Peat moss is a common fibrous material used to encourage growth in plants. But what is peat moss, and how can you use it best to your advantage? Let’s dig up some dirt on what it is and why many plant lovers love this soil additive!

What Is Peat Moss?

Peat moss is an organic material found in peat bogs and harvested from wetland areas. It’ll often be called by its pet name, “peat,” but peat and peat moss aren’t exactly the same product. 

Peat is more of an umbrella term for gardening material that’s created during decomposition. But peat moss is specific to peat bogs. It’s widely available for plant enthusiasts and landscapers and looks like dry, cakey soil.

How Should You Use Peat Moss?

Peat moss will be your best friend if you’re growing indoor plants from seed. You can use peat moss as a soilless potting mix when regular soil would weigh seeds down too much. The lighter peat moss gives new sprouts a chance to burst through the soil and soak up all that delicious sunlight!

Peat moss can be the missing ingredient for anyone looking to achieve more balanced drainage for their potted plants. Because peat moss is lighter than regular soil, water can pass through it more freely. The retained water can be a blessing and a curse — it all depends on what your plants need to survive and thrive. 

When Should You Avoid Using Peat Moss?

Not every plant will appreciate what peat moss brings to the table. Peat moss leans more acidic, so you may need to take measures to raise the soil pH if your plants need it. The high acidity can benefit some plants like ferns or philodendrons, so it’s not necessarily bad! 

It’s also considered to be a non-renewable resource.
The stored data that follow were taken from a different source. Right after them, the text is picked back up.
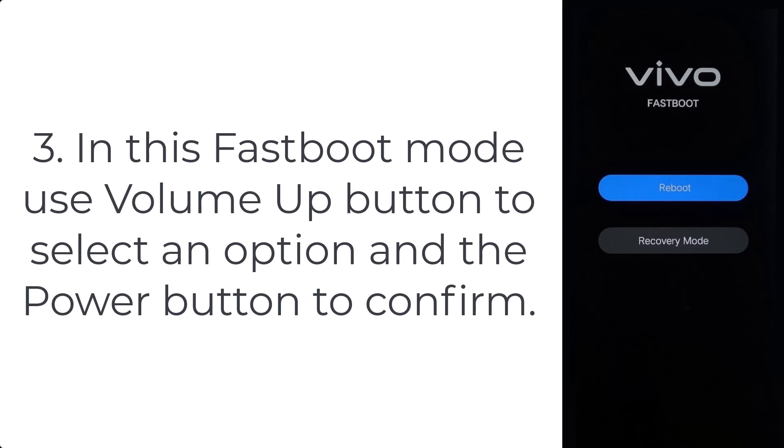Step 3: in this fastboot mode, use the volume up button to select an option and the power button to confirm.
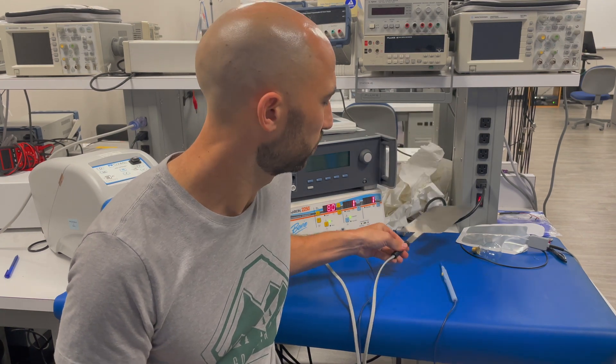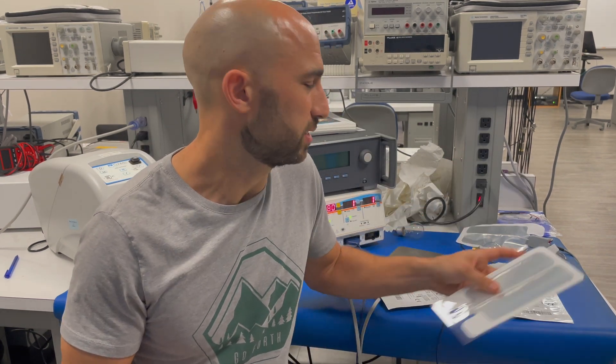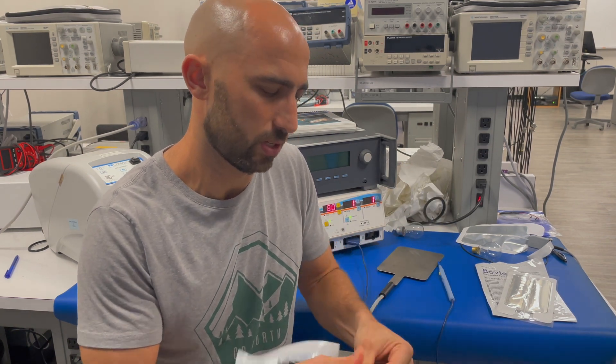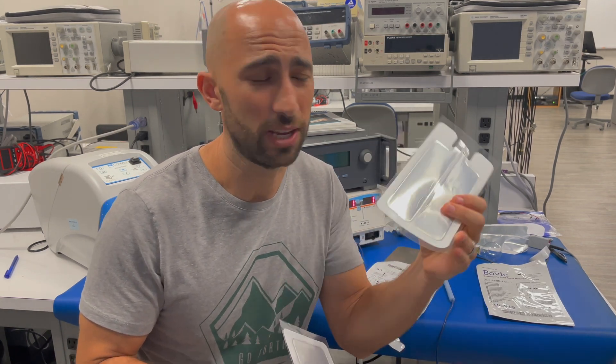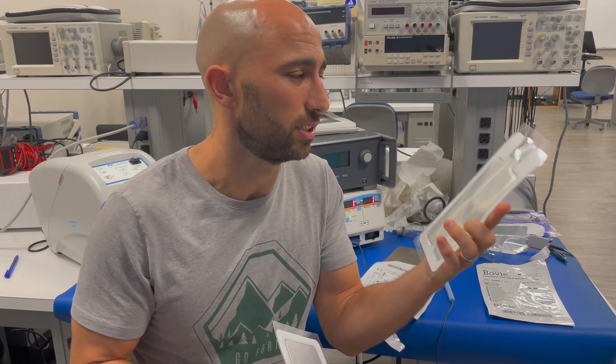Right here I have a solid return electrode and a split pad electrode. Earlier I showed you the plate electrode, which you usually don't see except in vet clinics. You can tell something about what your hospital cares about by seeing what type of electrodes they use. The split pad electrodes are always going to be safer, and I always recommend that hospitals work with split pad electrodes.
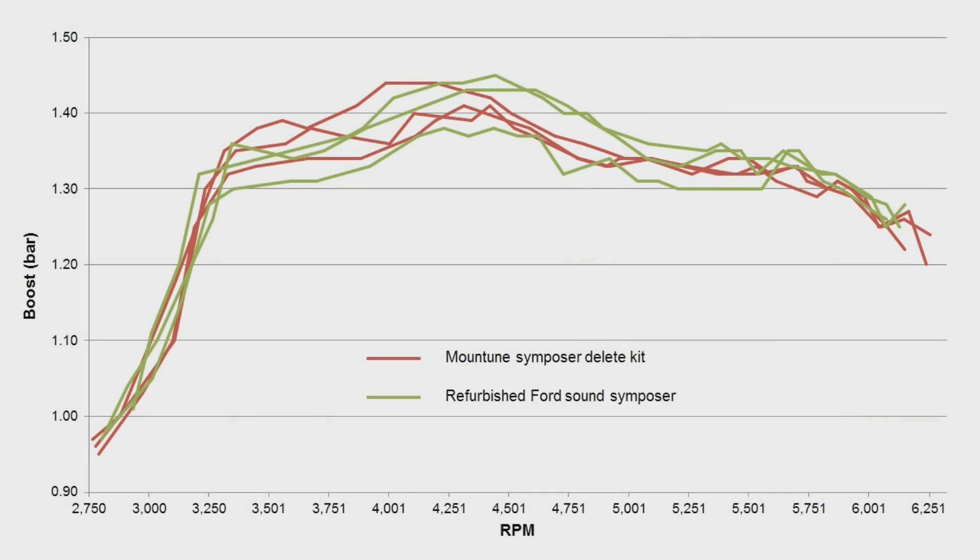Back-to-back runs look quite similar, but here are the results. Red lines: symposer delete kit fitted. Green lines: refurbished symposer which has just been given a clean — and it's back holding boost again.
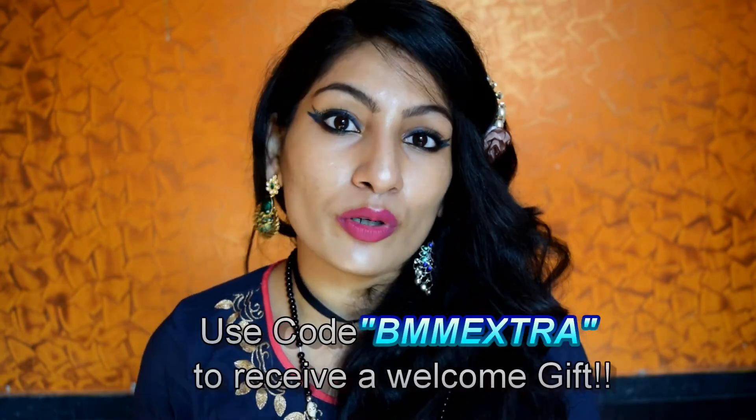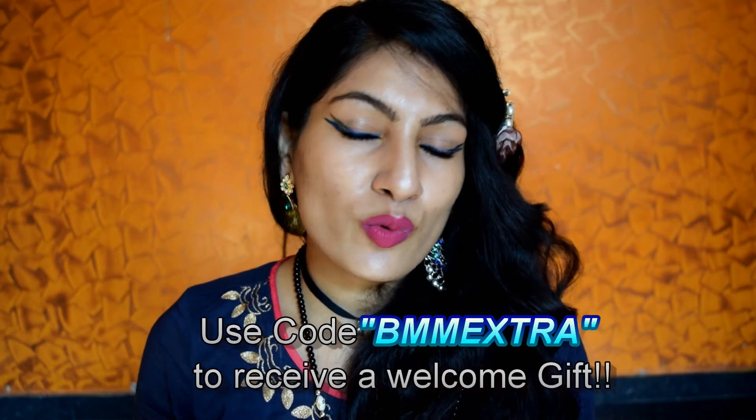That's all about this box. I really hope you guys enjoyed this video and found it helpful. If you did, don't forget to give this video a big thumbs up and subscribe — click on the red subscribe button below. If you like this box, don't forget to use my code BMM Extra — it's not an affiliate code, I just want you guys to save some money. I'll mention all the details in the description box below. Let me know in the comments what you think about this box. I would love to hear from you. I'll see you guys in my next video very soon — till then take care, bye.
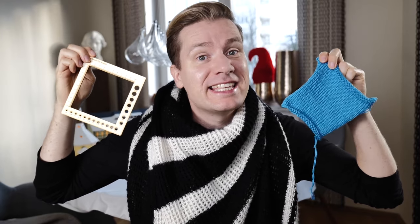How to knit perfect swatches and get gauge every time. Hi everyone! My name is Norman. I run the blog nimbleneedles.com and I want you to become a better knitter.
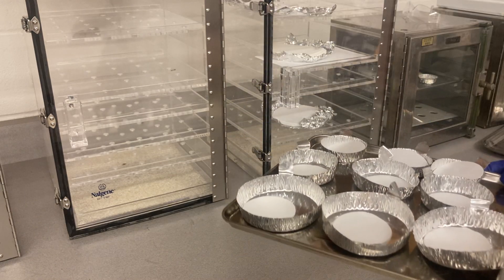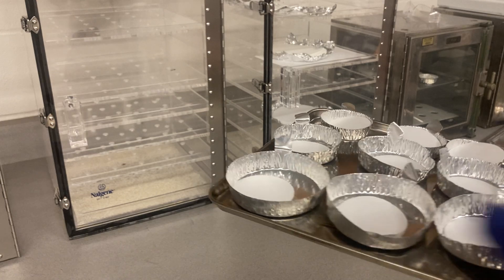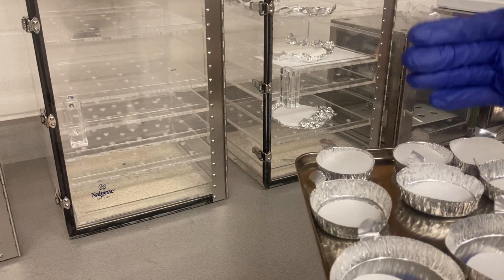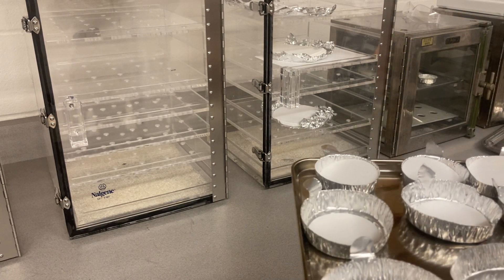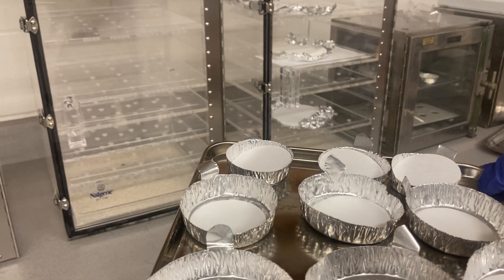So this is step one. Make sure you know which one is your sample, which is the first replicate, and which is the second replicate. Then put the filter into all of them — only one filter each — and use tweezers at all times.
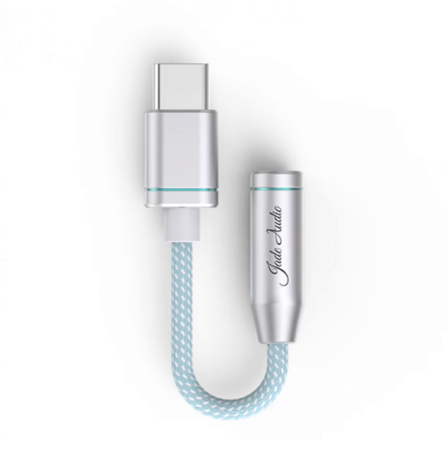The FiiO Jade Audio YAH 11 is an advanced Hi-Fi USB adapter designed to bring out the best in your audio devices. This powerful digital-to-analog converter and amplifier is compatible with a range of devices including smartphones, tablets, and computers, providing an exceptional listening experience at home or on the go.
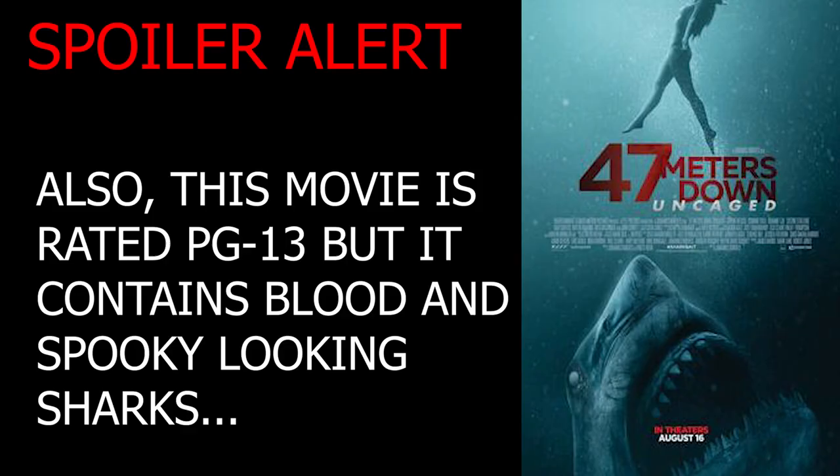Hi guys, welcome to Safe Diving. In today's video I'm going to be doing a reaction video. I've been seeing quite a few of these online, and as a professional scuba diver I figured maybe I could do one. I'm going to be having a quick look at the movie '47 Meters Down: Uncaged', the sequel to the original '47 Meters Down', which had a few scuba diving inaccuracies. I'll be watching the movie and reacting to anything interesting.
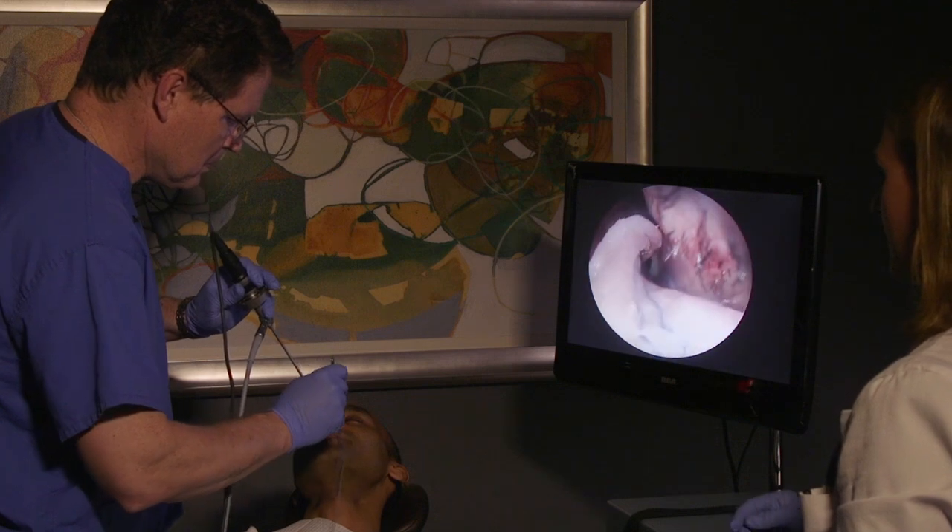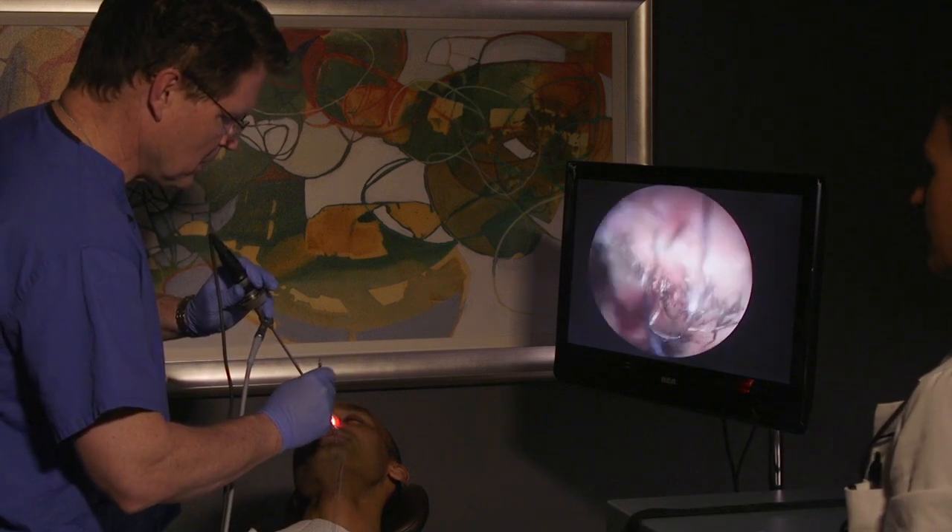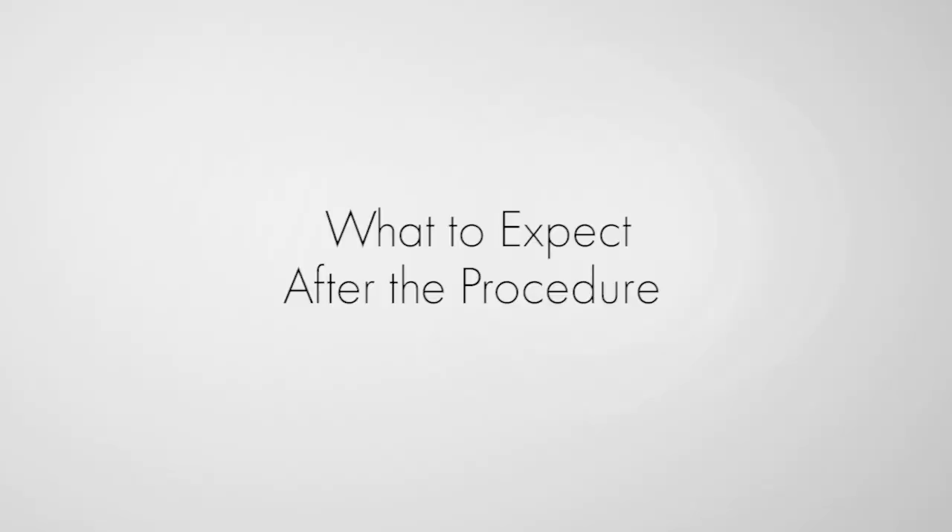All done on that side. Sneaking the cotton balls back in to make sure we're getting that numbing medicine back on the surfaces. We are all done — it's actually been done for about five minutes or so. Now sitting up, the cotton balls are sitting in my nose just to hold a little bit of pressure, and they have a little numbing medicine and decongestant to help the surfaces settle down from the procedure.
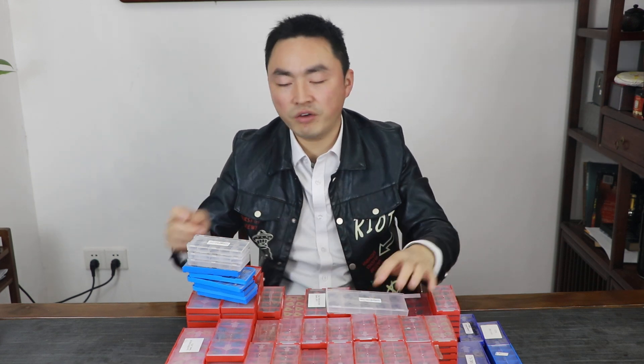This is some of the samples for our non-standard cutting inserts for small square parts machining. If you have any questions or types you need, please feel free to ask us. Thank you.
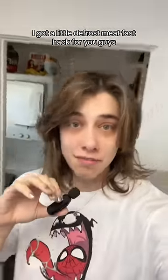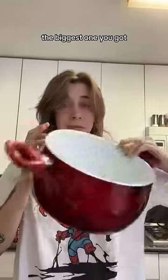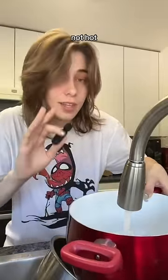I got a little defrost meat fast hack for you guys. Next time this happens to you, grab a pot — the biggest one you got — and fill it up with warm water. Not hot, warm.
Peat bogs regulate carbon dioxide, and harvesting too much peat moss could hurt their climate control superpowers. Peat moss also isn’t a good source of nutrients, so you might need to use it with a high-nutrient soil additive to get better results. 

If you're looking for a more environmentally friendly resource sphagnum moss or coconut coir are excellent alternatives. 

What Are the Benefits?

The gardening community is cheering for peat moss for a good reason! Peat moss is relatively inexpensive and lightweight. You’ll get more for your money using this as a potting mix, and as an added bonus, it makes repotting a breeze.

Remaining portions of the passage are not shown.